Door malfunction could have contributed to Uvalde shooting

Issues with doors at Robb Elementary in Uvalde were highlighted in a July report by a Texas House fact-finding committee as contributing factors that allowed a 18-year-old gunman to enter the campus in May and kill 19 students and two teachers.

The committee found that the school had “reoccurring problems with maintaining its doors and locks,” including a known faulty lock on the door to a classroom where people were shot. Exterior doors were often propped open and interior doors left unlocked. An exterior door used by the gunman was unlocked and a classroom door he entered was likely unlocked, according to the report.

In late July, the school’s, Principal Mandy Gutierrez, pushed back on some of the committee’s findings, including the finding that Wi-Fi kept some school personnel from getting the alerts, according to the Texas Tribune.

She maintained that the door to the classroom entered by the gunman does lock and said she was trained not to use the campus PA system in active shooter situations. Gutierrez had been suspended with pay but was reinstated, according to the Associated Press.

Fort Worth Deputy Superintendent Karen Molinar said the district is training and reminding teachers and students to maintain a culture of awareness about keeping doors closed and locked at all times.

“If someone is walking down the hall, we ask that you shut the door,” she said, “We do have some bad habits where it’s easier to go in and out of different doors that are closer to a parking lot, or it’s a little easier transition for students or for employees, so we’re saying everyone needs to be consistent about if you see a door propped open, please shut that door.”

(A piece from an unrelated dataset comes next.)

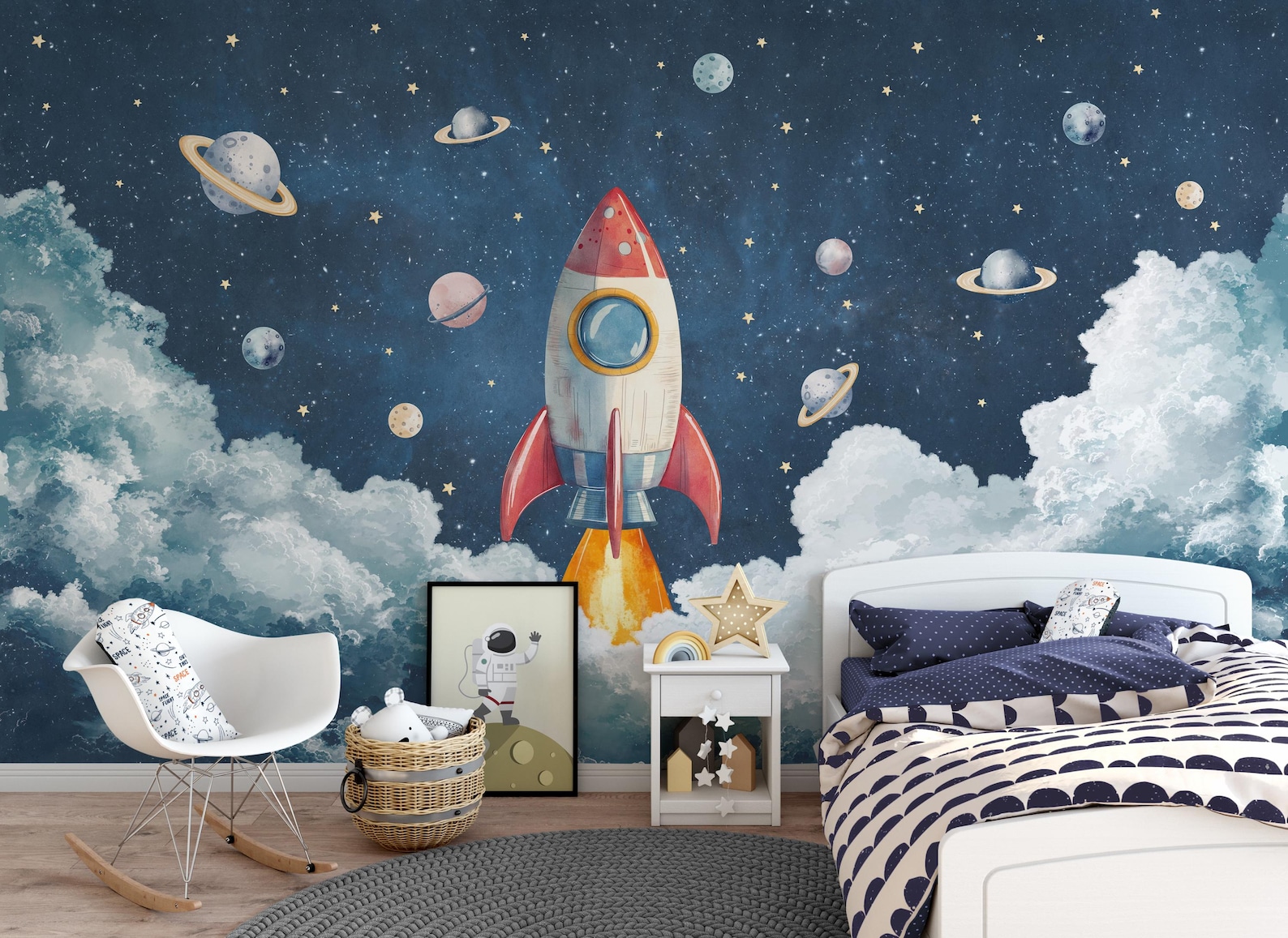 Kids Cosmic Adventure Wallpaper | Nursery Rocket Ship Wall Mural - Etsy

In addition, the district has policies in place to add additional personnel when maintenance backlogs prevent a faulty door from being repaired immediately

“This is something we discuss with our operations crew when we are dealing with some of our parts that are on back order,” Molinar said. “We have to look at where that door is located to see if we can lock that door and keep it locked and then use a different entry or exit … then in a case when we cannot lock it for good, then we do have to look at how we can place extra personnel there.”

New P.A. system, less portables

The district also touted a new emergency communication system, more stringent I.D. requirements and refined policies going into the new year.

Everyone on campuses will be required to wear a visitors badge or a school I.D., an existing policy that will be enforced with zero tolerance this year, Safety and Security Director Daniel Garcia said.

In addition to checking doors and locks, a “cross-functional team of FWISD security, operations, maintenance, technology and capital improvement staff” checked the status of cameras, fire alarms, intercoms and PA systems

The district is working to move students from portable buildings into physical classrooms, as recommended by the Texas Education Agency, as another safety measure.

Schools looking to cover glass windows

Another security vulnerability the district is looking to address this year is large glass windows on the front of many schools and classrooms, including some that were built in recent years using bond funds.

“In the 2017 bond … we took feedback through a process and really wanted to do some open spaces for our students,” Molinar said. “With that we did incorporate a lot of glass and open areas into our high schools. But now we are concerned about the safety of you can walk through the school and some of the classrooms are exposed.”

As a result, the district is working with vendors to test out “lockdown shades” that can be used to cover the windows in the event of emergencies.

Tobi Jackson, the board president, also said those safety concerns would go into the planning of new schools moving forward, with security staff being part of the planning from the beginning.

“We might not be where we are with the safety curtains, as we call them, had you been in from the beginning on that planning,” she said. “And I know you weren’t, but thank you for sweeping up afterwards.”

This story includes information from the Star-Telegram’s archives.